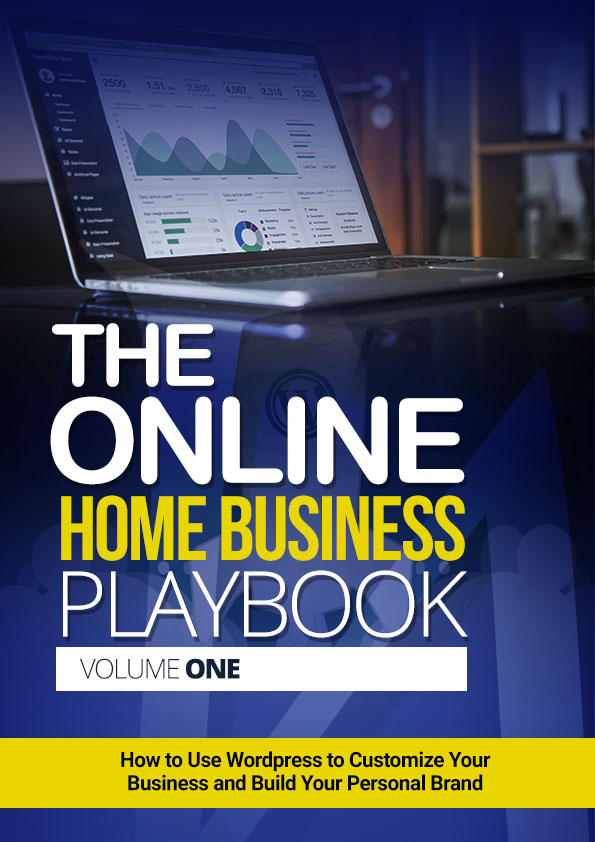 Online Home Business course ebook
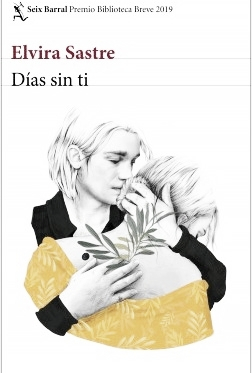 Días sin ti, una novela poética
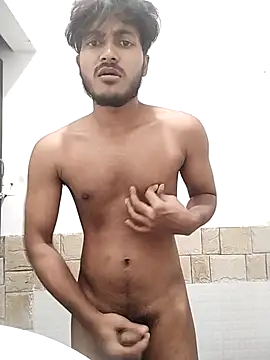 rishi17120 online show from 14, 1, 2026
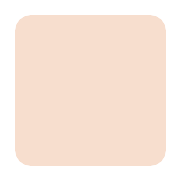 Light Skin Tone PNG Icon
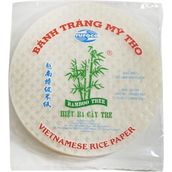 tufoco bamboo tree hiêu ba cây tre Pirinç Yufkası 340G Glutensiz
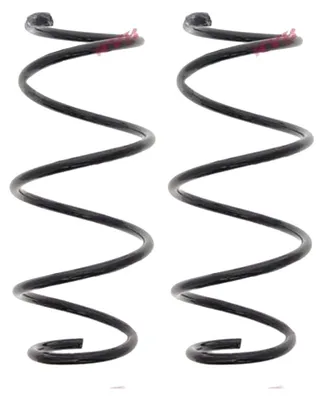 Imagen del producto de Resorte de suspensión KYB RH3310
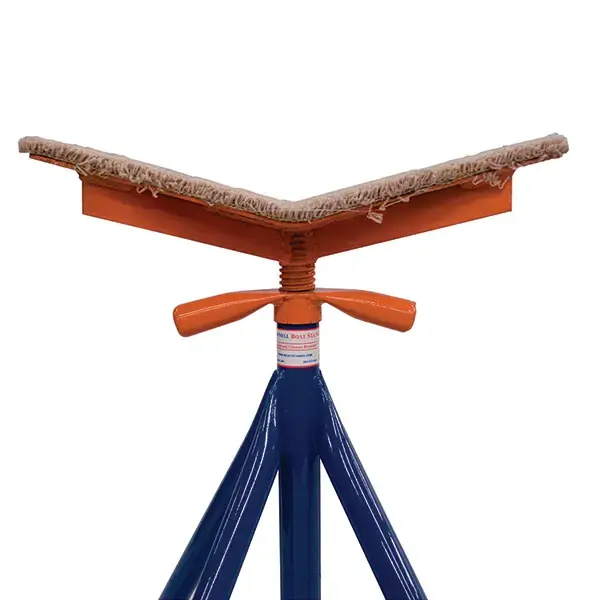 Trending Brownell PVTOP: 16 Inch Wide Pontoon V-Top With Rod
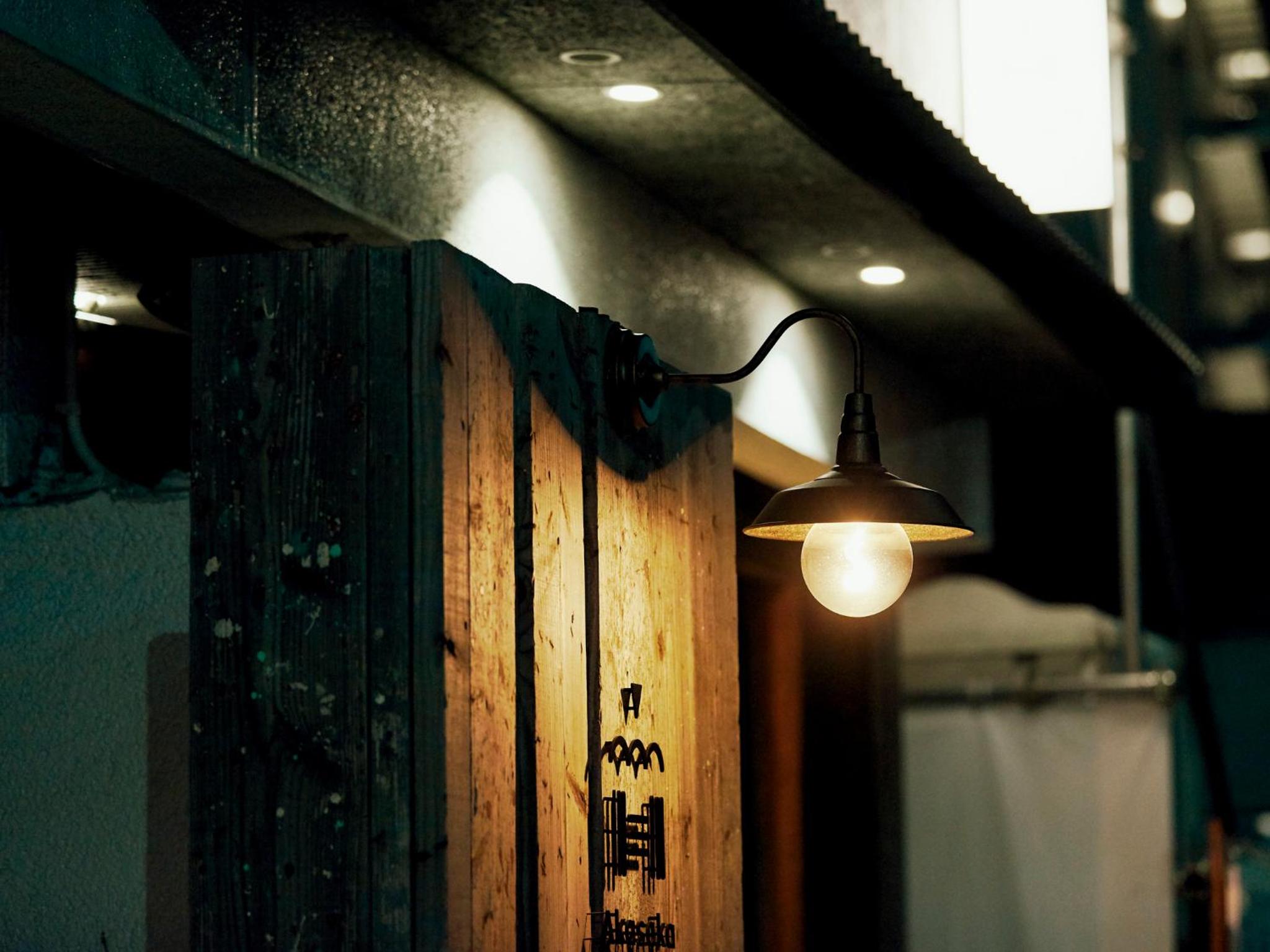 Akasaka Guesthouse HIVE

::::::

◆ Your objective ◆
For this exercise, output only the lines from the one bearing "Días sin ti, una novela poética" to the end of the material above, exactly as written, with pictures left out.

◆ Solved problem ◆
 Días sin ti, una novela poética
 rishi17120 online show from 14, 1, 2026
 Light Skin Tone PNG Icon
 tufoco bamboo tree hiêu ba cây tre Pirinç Yufkası 340G Glutensiz
 Imagen del producto de Resorte de suspensión KYB RH3310
 Trending Brownell PVTOP: 16 Inch Wide Pontoon V-Top With Rod
 Akasaka Guesthouse HIVE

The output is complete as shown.